With BNEF having previously forecasted that removing the ITC could result in the growth rate of installations “plummeting,” that threat appears to have been abated, although challenges remain, Kikuma said.
The energy storage ITC remains along the original timeline set by the Inflation Reduction Act (IRA) in 2021, with projects eligible for the full rate until 2033, then phasing down to 75% in 2034 and 50% in 2035.
Secondly, the bill as it passed through the House and then Senate had required that projects needed to be placed in service by given deadlines, but the final version instead changed the language to “under construction.”
“That gives some room for the projects to get used to some of the new environments,” Kikuma said in an interview.

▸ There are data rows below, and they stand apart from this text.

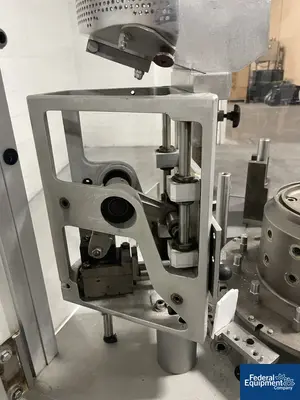 USED Bosch Bosch Capsule Filler GKF700
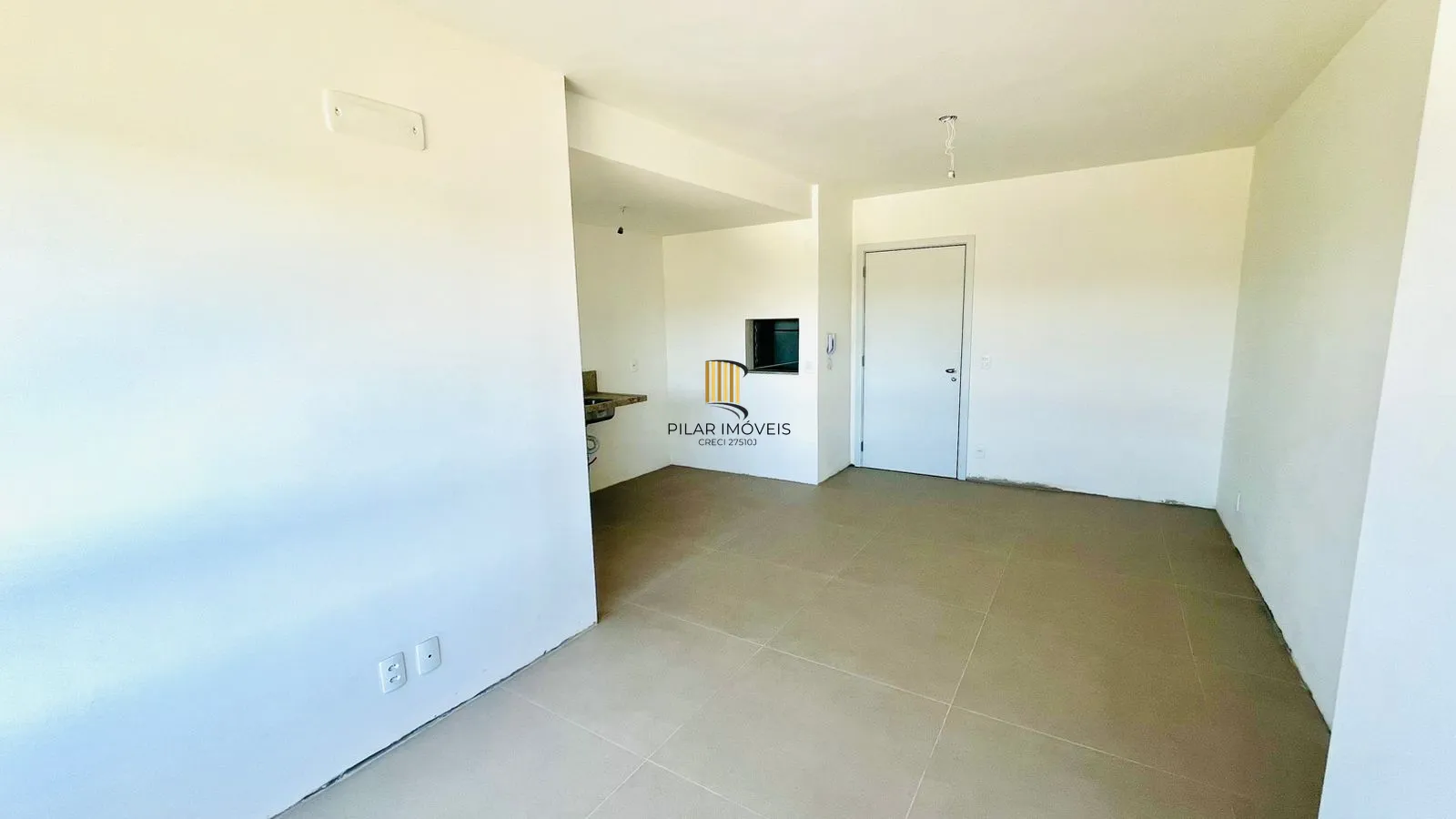 Apartamento no Supreme Altos Central Parque NOVO de 2 dormitórios e 2 vagas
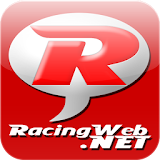 RacingWeb icon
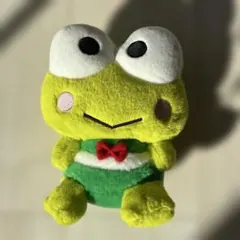 2026年最新】けろけろけろっぴぬいぐるみの人気アイテム - メルカリ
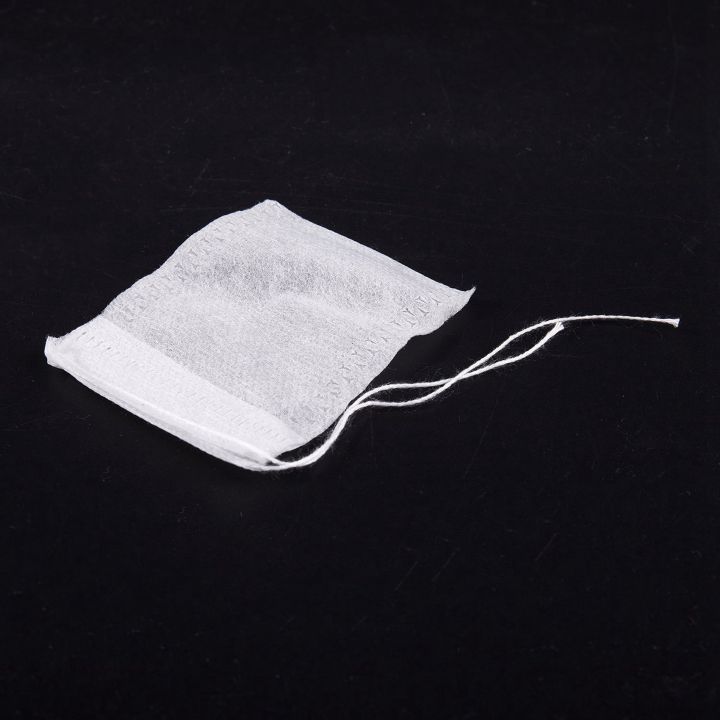 fasdaga%20300%20Pcs%20Disposable%20Empty%20Tea%20Bag%20String%20Heat%20Seal%20Filter%20Paper%20-%20Image%203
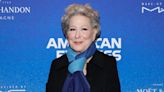 Bette Midler Confirms Death of Close Co-Star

“Those are the two major reasons why energy storage can keep the momentum, but there are still some new caveats here.”
“One of the new additions in the ‘One, Big, Beautiful Bill Act’ is that the projects now need to meet certain thresholds for material assistance from prohibited foreign entities. This is something new,” Kikuma said.
Again, previous iterations of the legislation had worded it as a direct, blanket ban on ITC eligibility for projects that received ‘material assistance,’ whether equipment or investment, from Foreign Entities of Concern (FEOCs).
As it now stands, from 2026, 55% of a project’s costs need to come from non-prohibited foreign entities, with the rate increasing to 75% in and after 2030. Kikuma said BNEF expects the IRS to publish the new cost table by the end of 2027, but in the meantime, market players can use the safe harbour cost table presently used to determine the ITC’s domestic content bonus.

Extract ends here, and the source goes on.